## TASK OBJECTIVE
Return, exactly and in full, the lines of the records below starting at the one with "Let's start with" and ending at the one with "Today we're going", and no other lines.

## EXTRACTED ENTRIES
────────
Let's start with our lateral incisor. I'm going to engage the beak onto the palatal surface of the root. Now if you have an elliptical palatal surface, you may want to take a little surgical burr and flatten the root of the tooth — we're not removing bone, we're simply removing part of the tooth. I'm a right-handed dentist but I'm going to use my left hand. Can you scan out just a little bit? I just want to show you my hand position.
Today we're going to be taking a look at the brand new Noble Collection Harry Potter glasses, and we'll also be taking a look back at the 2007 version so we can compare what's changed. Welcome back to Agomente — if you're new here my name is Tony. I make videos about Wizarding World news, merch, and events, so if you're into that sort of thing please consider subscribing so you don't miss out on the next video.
────────
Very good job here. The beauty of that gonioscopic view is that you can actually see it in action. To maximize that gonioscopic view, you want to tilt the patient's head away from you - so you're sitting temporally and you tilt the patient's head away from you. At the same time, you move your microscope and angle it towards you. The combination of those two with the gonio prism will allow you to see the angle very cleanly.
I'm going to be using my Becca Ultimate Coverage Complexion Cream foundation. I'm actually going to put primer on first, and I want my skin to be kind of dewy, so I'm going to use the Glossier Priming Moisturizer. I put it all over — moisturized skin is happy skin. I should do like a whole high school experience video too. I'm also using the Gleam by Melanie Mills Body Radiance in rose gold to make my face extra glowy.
────────
## RESPONSE
Let's start with our lateral incisor. I'm going to engage the beak onto the palatal surface of the root. Now if you have an elliptical palatal surface, you may want to take a little surgical burr and flatten the root of the tooth — we're not removing bone, we're simply removing part of the tooth. I'm a right-handed dentist but I'm going to use my left hand. Can you scan out just a little bit? I just want to show you my hand position.
Today we're going to be taking a look at the brand new Noble Collection Harry Potter glasses, and we'll also be taking a look back at the 2007 version so we can compare what's changed. Welcome back to Agomente — if you're new here my name is Tony. I make videos about Wizarding World news, merch, and events, so if you're into that sort of thing please consider subscribing so you don't miss out on the next video.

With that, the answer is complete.